* Records for this task
Content starts

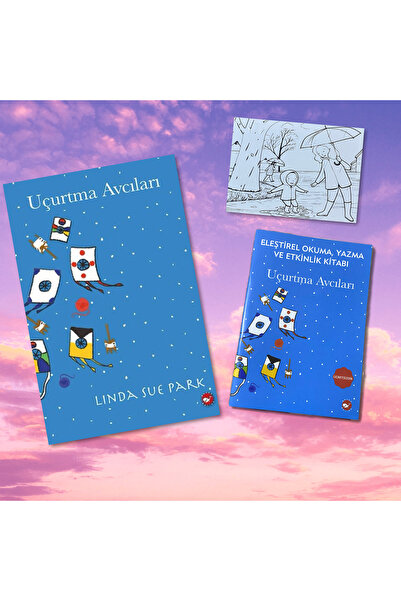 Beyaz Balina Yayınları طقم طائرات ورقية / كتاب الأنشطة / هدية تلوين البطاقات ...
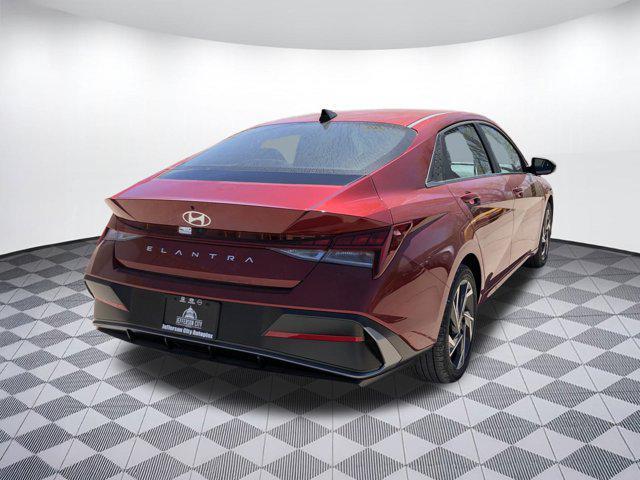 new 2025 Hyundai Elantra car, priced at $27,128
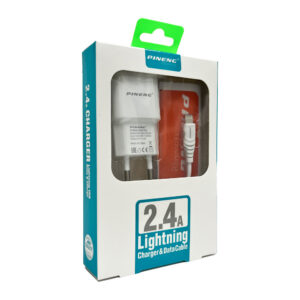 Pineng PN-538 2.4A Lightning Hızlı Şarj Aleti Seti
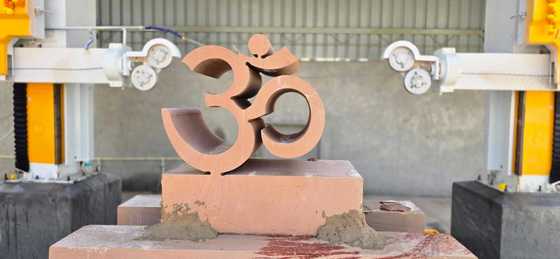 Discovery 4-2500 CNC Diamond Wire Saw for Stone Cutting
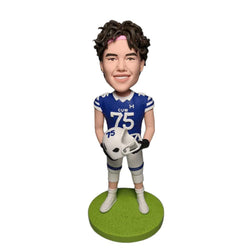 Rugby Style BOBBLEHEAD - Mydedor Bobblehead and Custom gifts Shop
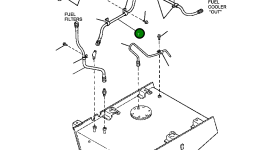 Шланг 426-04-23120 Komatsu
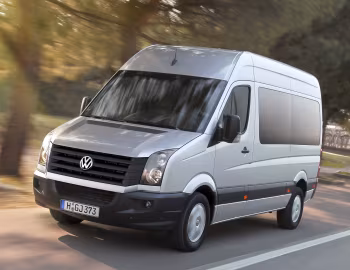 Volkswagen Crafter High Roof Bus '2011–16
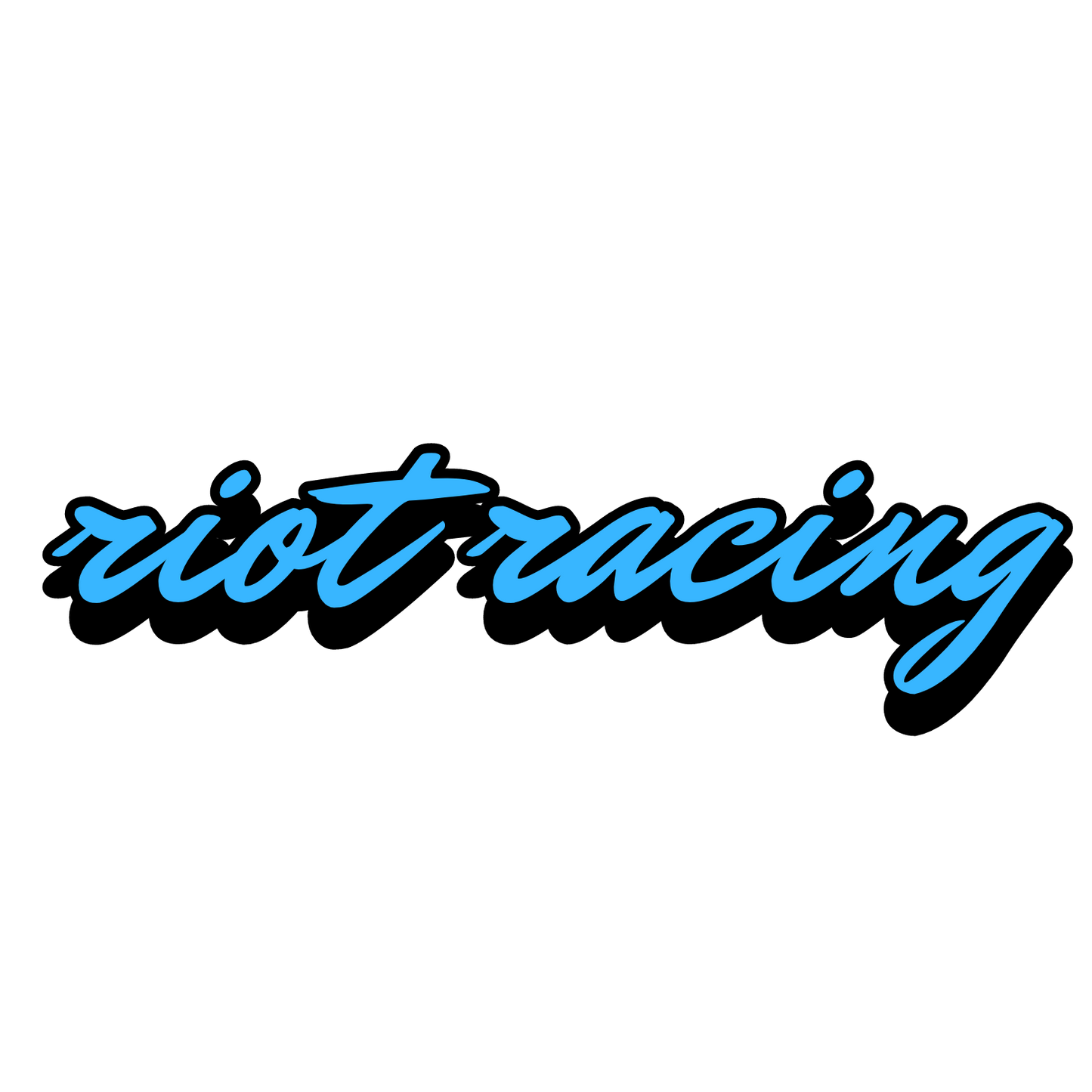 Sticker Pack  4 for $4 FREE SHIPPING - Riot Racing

Content ends

* Directions
No image belongs in the copy. Transcribe the full listing verbatim.

* Answer to this task
 Beyaz Balina Yayınları طقم طائرات ورقية / كتاب الأنشطة / هدية تلوين البطاقات ...
 new 2025 Hyundai Elantra car, priced at $27,128
 Pineng PN-538 2.4A Lightning Hızlı Şarj Aleti Seti
 Discovery 4-2500 CNC Diamond Wire Saw for Stone Cutting
 Rugby Style BOBBLEHEAD - Mydedor Bobblehead and Custom gifts Shop
 Шланг 426-04-23120 Komatsu
 Volkswagen Crafter High Roof Bus '2011–16
 Sticker Pack  4 for $4 FREE SHIPPING - Riot Racing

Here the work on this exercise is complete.